Jedna z największych gwiazd muzyki wokalnej w powojennej Polsce, Violetta Villas, zmarła w swoim rodzinnym domu w Lewinie Kłodzkim. – Nie boję się śmierci. W końcu to nie jest koniec. Śmierć jest dopiero prawdziwym początkiem – mówiła w kwietniu dziennikarzom Faktu.

Policja otrzymała informację od pogotowia ratunkowego o zgonie piosenkarki w poniedziałek ok. godz. 21 – poinformował PAP rzecznik prasowy komendy wojewódzkiej we Wrocławiu Paweł Petrykowski.
Artystka w ostatnim czasie była w złym stanie. Podczas pożegnalnego koncertu, który odbył się w lutym br. w Kielcach, musiała zostać zniesiona ze sceny, ponieważ nie była w stanie opuścić jej o własnych siłach. – Mama ciężko choruje, ale ja nic nie mogę zrobić, bo odrzuca moją pomoc – powiedział syn Villas, Krzysztof Gospodarek.

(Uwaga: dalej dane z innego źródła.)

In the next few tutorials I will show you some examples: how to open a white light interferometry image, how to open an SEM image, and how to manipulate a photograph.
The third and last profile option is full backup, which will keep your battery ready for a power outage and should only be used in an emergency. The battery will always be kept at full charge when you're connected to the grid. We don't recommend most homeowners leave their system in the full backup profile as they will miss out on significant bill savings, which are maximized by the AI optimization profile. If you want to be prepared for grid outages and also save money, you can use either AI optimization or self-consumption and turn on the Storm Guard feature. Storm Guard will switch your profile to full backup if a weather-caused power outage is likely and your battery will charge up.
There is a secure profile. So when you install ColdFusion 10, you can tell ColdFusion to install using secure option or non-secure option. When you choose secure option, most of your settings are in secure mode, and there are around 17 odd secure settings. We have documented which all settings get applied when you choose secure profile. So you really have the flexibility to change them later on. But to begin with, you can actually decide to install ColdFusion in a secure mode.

Była postacią bardzo kontrowersyjną.
– Violettę Villas należałoby określić mianem stosowanym kiedyś w operze włoskiej – primadonna assoluta, to znaczy primadonna, pierwsza gwiazda, a właściwie pierwsza gwiazda nieporównywalna do żadnej innej, która mogłaby pretendować do tego stanowiska – opisywał ją Bogusław Kaczyński.

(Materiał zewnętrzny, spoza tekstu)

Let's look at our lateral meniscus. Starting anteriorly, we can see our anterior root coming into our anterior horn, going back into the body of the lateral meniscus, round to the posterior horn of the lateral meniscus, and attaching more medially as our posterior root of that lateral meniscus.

Villas, a właściwie Czesława Maria Cieślak, karierę rozpoczęła w 1960 roku. Od tego czasu śpiewała w najsłynniejszych salach koncertowych – paryskiej Olimpii i wielu w Stanach Zjednoczonych. Występowała m.in z Frankiem Sinatrą, Paulem Anką, Charles’em Aznavourem, Earthą Kitt, Deanem Martinem, Sammym Davisem. Zagrała też kilka niewielkich ról filmowych w produkcjach wytwórni MGM.